# MATERIAL FOR THE TASK
*** Begin section ***
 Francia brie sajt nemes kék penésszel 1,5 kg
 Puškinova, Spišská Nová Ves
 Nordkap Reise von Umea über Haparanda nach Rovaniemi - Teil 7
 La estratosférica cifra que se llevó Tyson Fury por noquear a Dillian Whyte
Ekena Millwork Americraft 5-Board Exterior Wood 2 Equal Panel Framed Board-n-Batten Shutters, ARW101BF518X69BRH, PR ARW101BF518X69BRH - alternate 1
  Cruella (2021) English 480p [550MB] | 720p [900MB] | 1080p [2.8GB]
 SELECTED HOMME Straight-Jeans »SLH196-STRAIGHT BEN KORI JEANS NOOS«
*** End section ***
*** Begin section ***
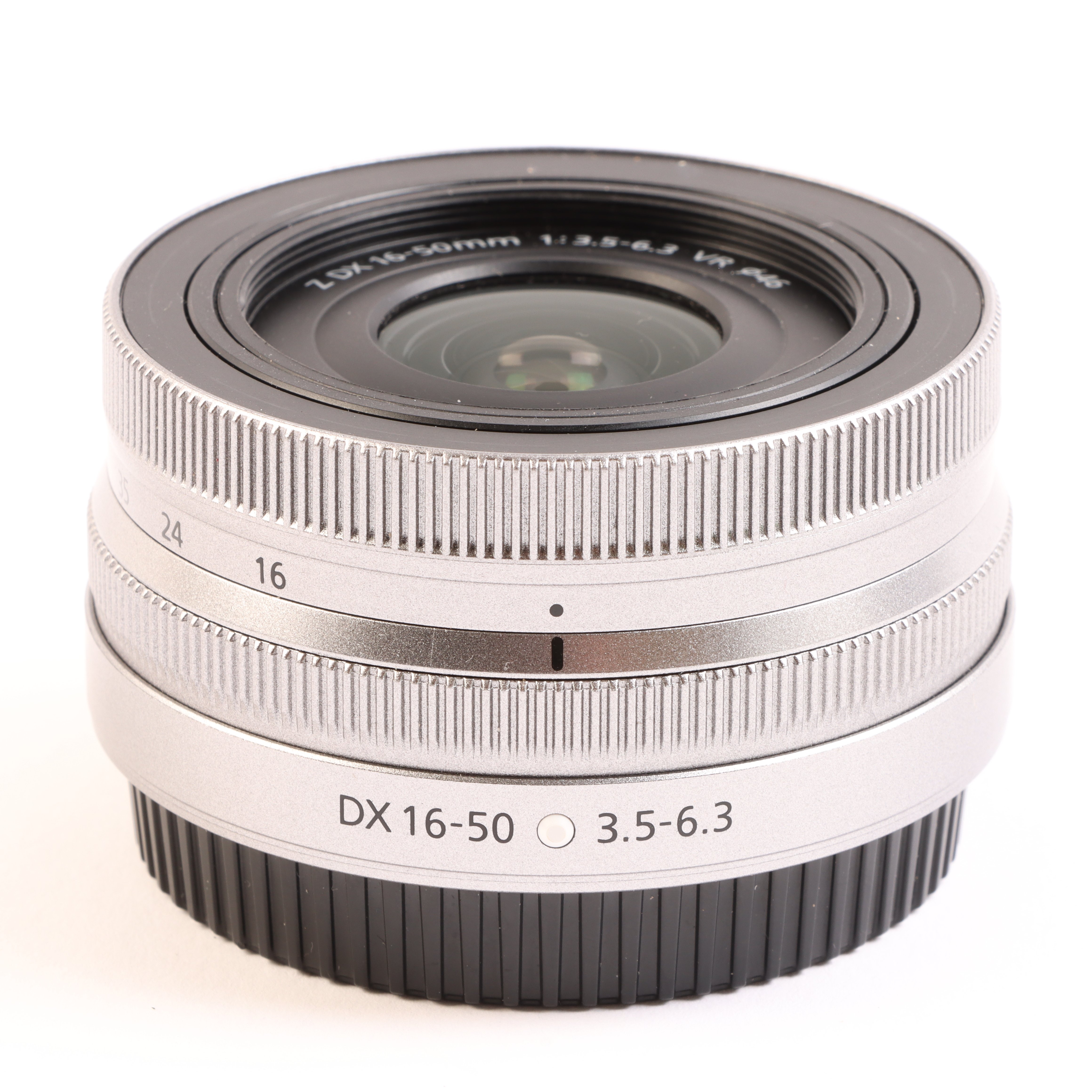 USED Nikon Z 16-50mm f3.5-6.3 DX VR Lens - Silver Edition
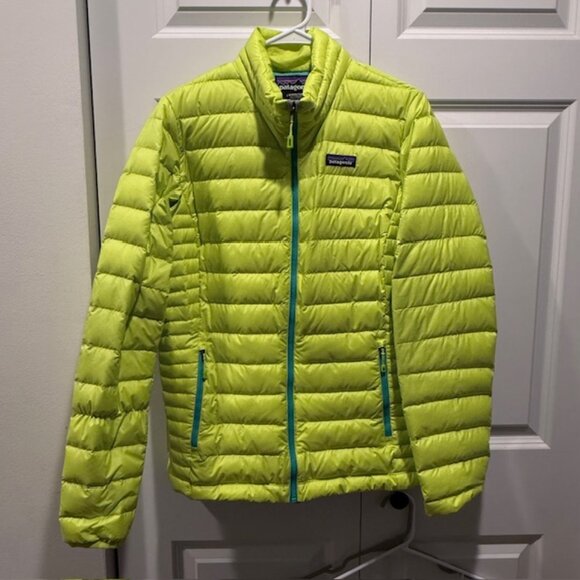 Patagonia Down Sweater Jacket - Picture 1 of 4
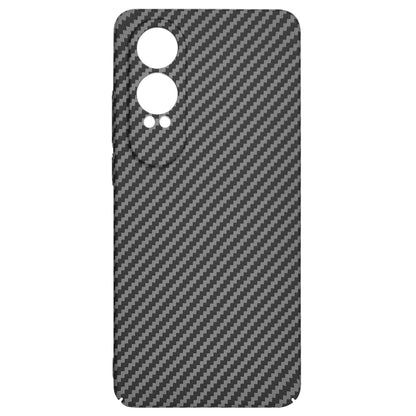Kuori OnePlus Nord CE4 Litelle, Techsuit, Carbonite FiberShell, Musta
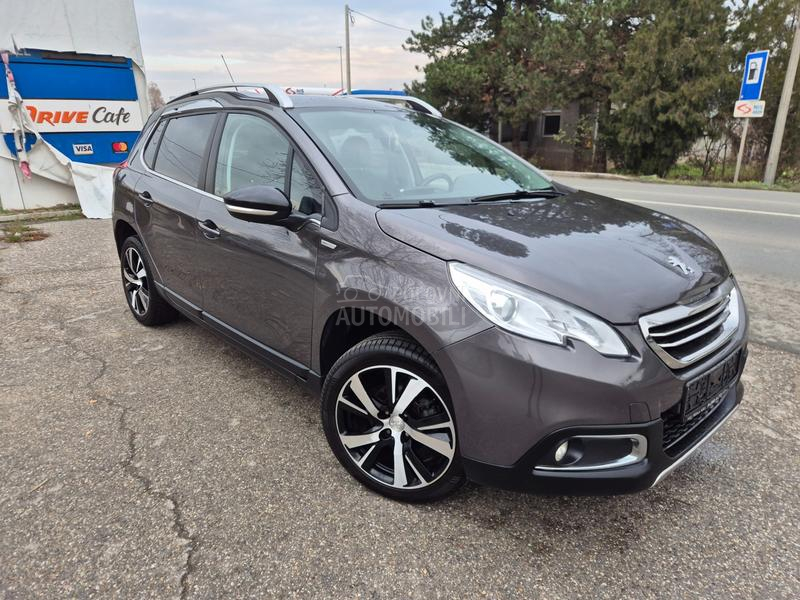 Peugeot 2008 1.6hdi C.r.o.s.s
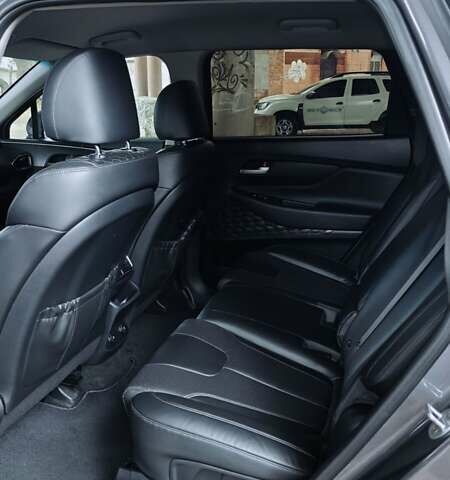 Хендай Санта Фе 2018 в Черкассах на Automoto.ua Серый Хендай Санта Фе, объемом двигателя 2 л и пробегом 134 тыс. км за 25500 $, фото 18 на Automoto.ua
*** End section ***
*** Begin section ***
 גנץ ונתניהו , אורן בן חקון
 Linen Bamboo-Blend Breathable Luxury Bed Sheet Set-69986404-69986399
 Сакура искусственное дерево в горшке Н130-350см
*** End section ***
# WORK INSTRUCTION
In your answer, include only the lines above starting at the line that holds "Francia brie sajt nemes kék penésszel 1,5 kg" and ending at the line that holds "SELECTED HOMME Straight-Jeans", copied exactly.

# RESPONSE TO THE EXERCISE
 Francia brie sajt nemes kék penésszel 1,5 kg
 Puškinova, Spišská Nová Ves
 Nordkap Reise von Umea über Haparanda nach Rovaniemi - Teil 7
 La estratosférica cifra que se llevó Tyson Fury por noquear a Dillian Whyte
Ekena Millwork Americraft 5-Board Exterior Wood 2 Equal Panel Framed Board-n-Batten Shutters, ARW101BF518X69BRH, PR ARW101BF518X69BRH - alternate 1
  Cruella (2021) English 480p [550MB] | 720p [900MB] | 1080p [2.8GB]
 SELECTED HOMME Straight-Jeans »SLH196-STRAIGHT BEN KORI JEANS NOOS«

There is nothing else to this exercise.